Top of Provided records

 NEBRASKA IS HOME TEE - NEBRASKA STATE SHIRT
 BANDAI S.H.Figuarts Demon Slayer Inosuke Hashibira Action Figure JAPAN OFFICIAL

Bottom of Provided records
Top of Provided records

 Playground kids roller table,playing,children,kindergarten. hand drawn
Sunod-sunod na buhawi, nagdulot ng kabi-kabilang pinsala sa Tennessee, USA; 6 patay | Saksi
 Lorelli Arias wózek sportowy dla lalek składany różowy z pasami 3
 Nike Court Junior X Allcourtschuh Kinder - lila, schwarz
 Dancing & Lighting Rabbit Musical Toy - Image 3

Bottom of Provided records

▶ **Task prompt**
Take the listing above and repeat exactly the lines from the one containing "Playground kids roller" through the one containing "Dancing & Lighting", both included.

▶ **Written response**
 Playground kids roller table,playing,children,kindergarten. hand drawn
Sunod-sunod na buhawi, nagdulot ng kabi-kabilang pinsala sa Tennessee, USA; 6 patay | Saksi
 Lorelli Arias wózek sportowy dla lalek składany różowy z pasami 3
 Nike Court Junior X Allcourtschuh Kinder - lila, schwarz
 Dancing & Lighting Rabbit Musical Toy - Image 3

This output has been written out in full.